At another house, two fresh skins are spread on the ice. The meat has been distributed to the senior citizens center. Just yesterday a seal hunter was surprised at close range by the approaching animals.
Under U.S. law, polar bears are protected, although not endangered. Hunting by non-natives was outlawed in 1972, by which time virtually all of the old and large bears of the region had been killed. However, the Inupiat and Yupik native people of the north and west coasts of Alaska, those commonly called Eskimos, continue to be unrestricted in how many bears they may take for food and traditional crafts.
“Do we respect polar bears? Yes. We respect them up in this part of the country. They’ve been with us all along. Back in the old days, the ocean would sometimes be closed (with ice) and we would need them for food. That’s how much we respect them.,” says Soloman, a graying grandfather who speaks with near poetic love for the cycles of native life, even in this age of big oil, big money, jet planes and electric-heated homes.
As he expresses it, animals are not killed by natives. They are caught. And the seasons of the year are charted not by the extremes of weather but by the parade of creatures that are caught for food--first the bowhead whales in spring, then the geese, then the salmon and char and grayling, then the walrus and seals, followed by the caribou and then sometimes, in winter, the polar bear.
Native leaders have imposed their own conservation standards for bears, and government scientists say the Inupiat and Yupik harvest has remained steady at about 120 to 125 polar bears per year, even as the overall population of bears that pass through Alaska has increased to something between 5,000 and 7,000. Today, bears of all sizes, up to 1,700 pounds, and all ages, up to 30 years old, are known to range in Alaska.
Some natives are quietly working to change the law and permit them to guide non-native trophy hunts for polar bears as a way to bring income into villages. State and federal authorities in Alaska have indicated support for this idea as a way to gain overall management control of polar bears. Other natives, however, vigorously oppose the idea. They fear such a move ultimately could compromise public support for native subsistence hunting, fishing and whaling rights.
Of more immediate concern to the future of the bear are the policies of Russia. In the 1950s, the Soviet Union pioneered protection for polar bears, allowing no hunting at all. An estimated 60% of the bears that range into Alaska also wander across Russia, and U.S. officials say they have been notified that the Russians intend to resume trophy hunting of bears to bring in tourist dollars.
Here in Barrow, darkness has fallen. Benny Akootchook assumes the night shift of the Wildlife Department’s polar bear patrol.
His is the Arctic of the storybooks--an electric green aurora of Northern Lights flares horizon-to-horizon across sky shot with stars, and the strange luminescence flickers off the ice and snow.
South of town, on the edge of the Arctic Ocean, where fantastic blocks of ice could easily hide a bear, or a hundred bears, Akootchook stops the pickup and steps out.
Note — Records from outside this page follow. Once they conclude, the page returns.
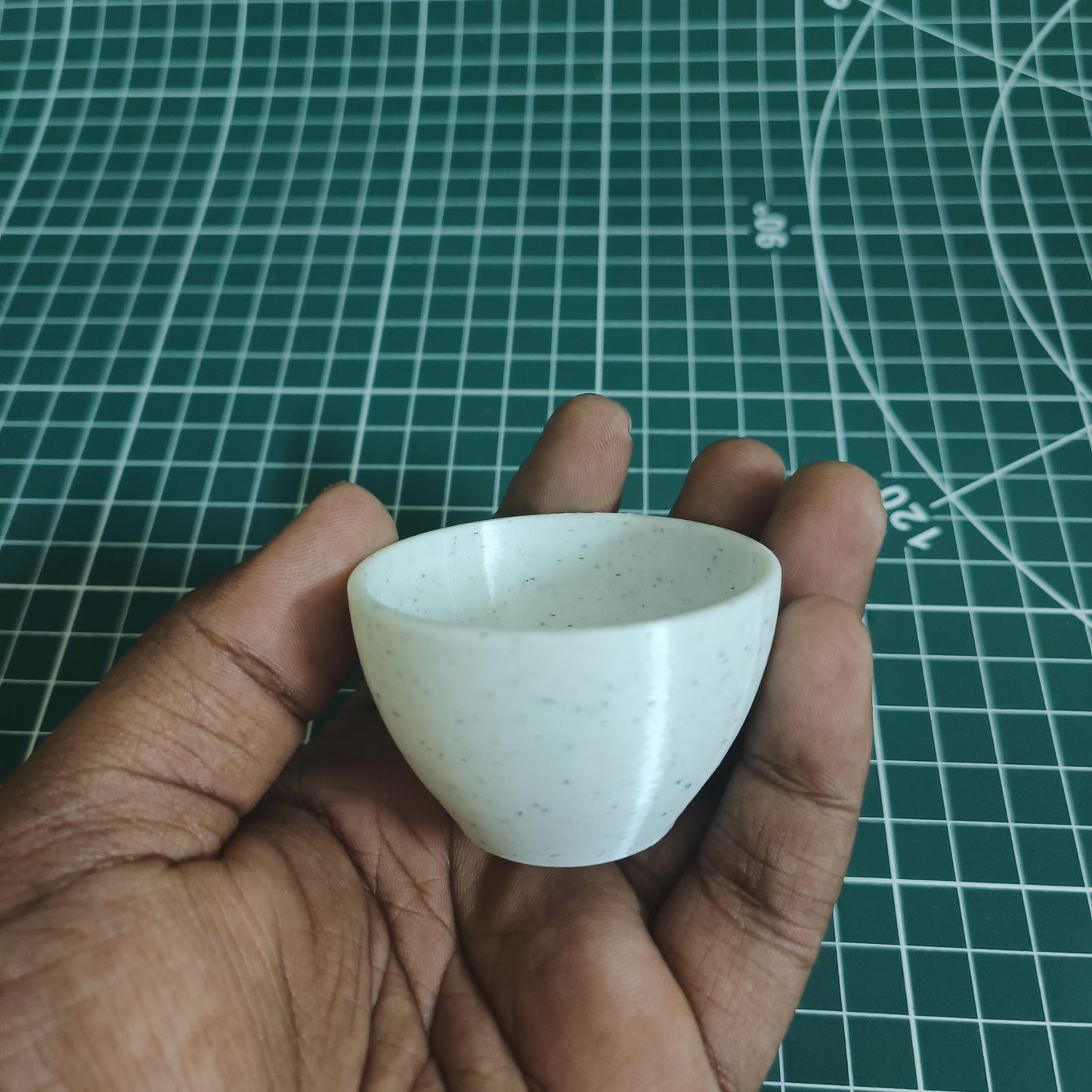 Mini Rinse Cup for Painters – Compact Water Holder for Brushes and Detailing Work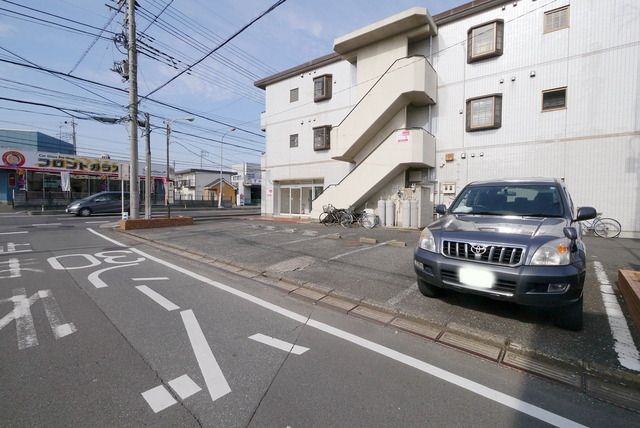 駐車場　敷地内駐車場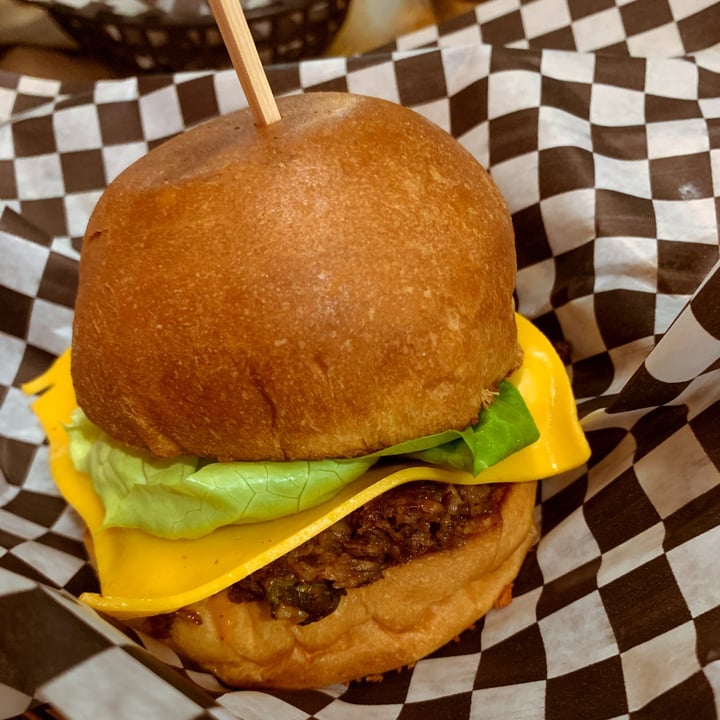 review photo of Burger Fiancé Cheeseburger shared by @mariarjs on 30 Nov 2021 - review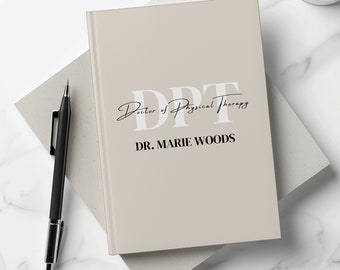 Könnte beinhalten: Ein beiger Notizblock mit dem Text "DPT Doctor of Physical Therapy" und "DR. MARIE WOODS" in schwarzer Schrift.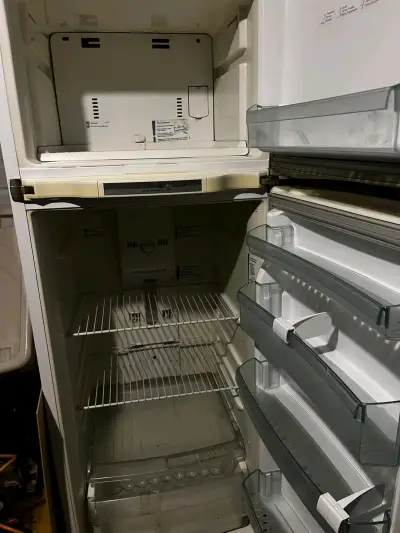 Refrigerador Whirlpool de dos puertas - miniatura 1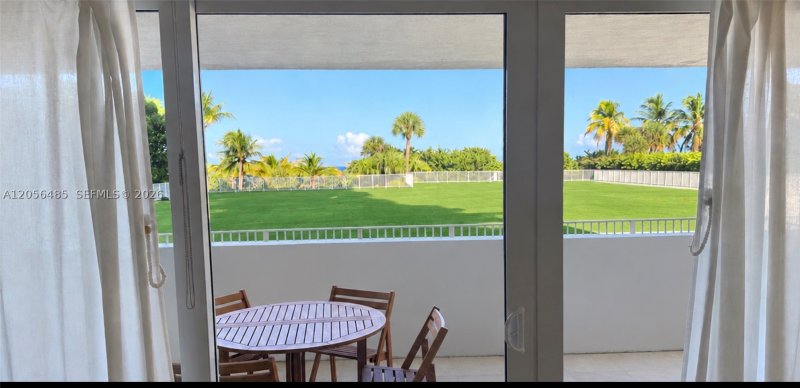 Condo for sale at Commodore Club South 201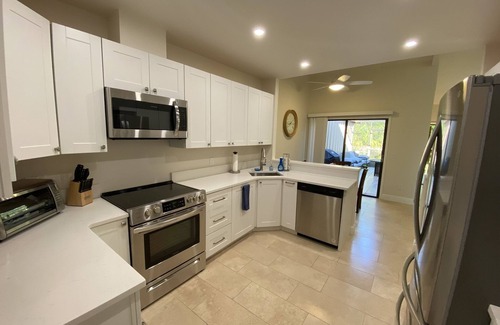 Samsula-Spruce Creek Copropriété | Gated - Pool - Golf - Dining - Daytona - Fly-in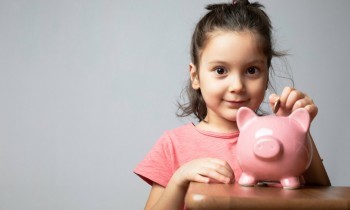 Экономист: новые выплаты на детей – большой шаг в преодолении бедности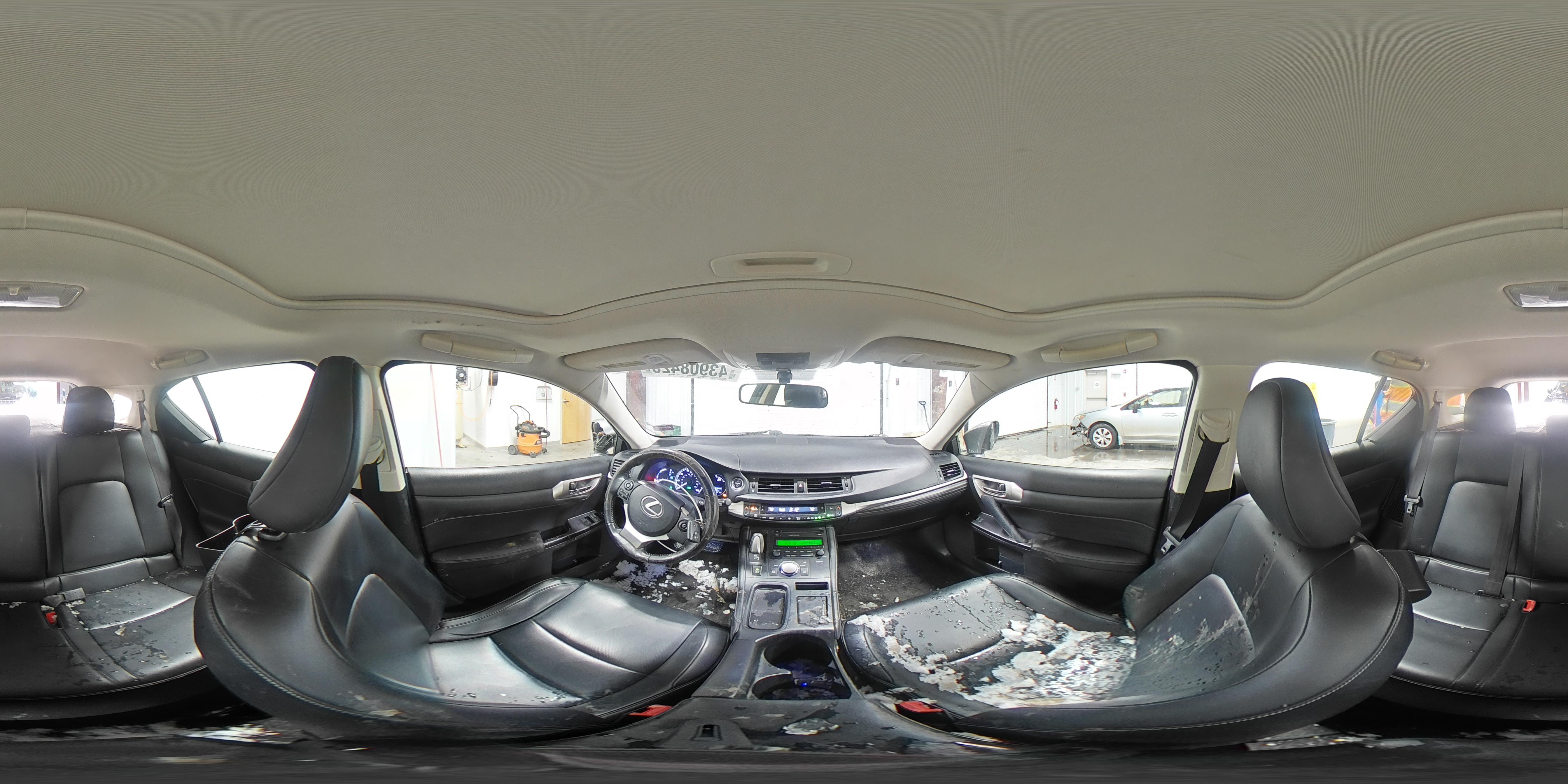 2015 Lexus CT - Image 12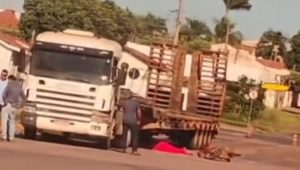 Passageiro tem cabeça esmagada durante grave acidente em Rondonópolis; vídeo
Akootchook unexpectedly whoops and whistles. This is not official polar bear patrol policy, but a burst of felicity from a man expressing innocent fondness for his distant place in the world. “Ha Ha. No polar bears. When I am out, the polar bears go away. I cause them no problems, they give me a break. Ha ha. Too bad there are no trees here, eh?, to make some scenery for us. . . . Let’s go. We’ll keep those polar bears away.”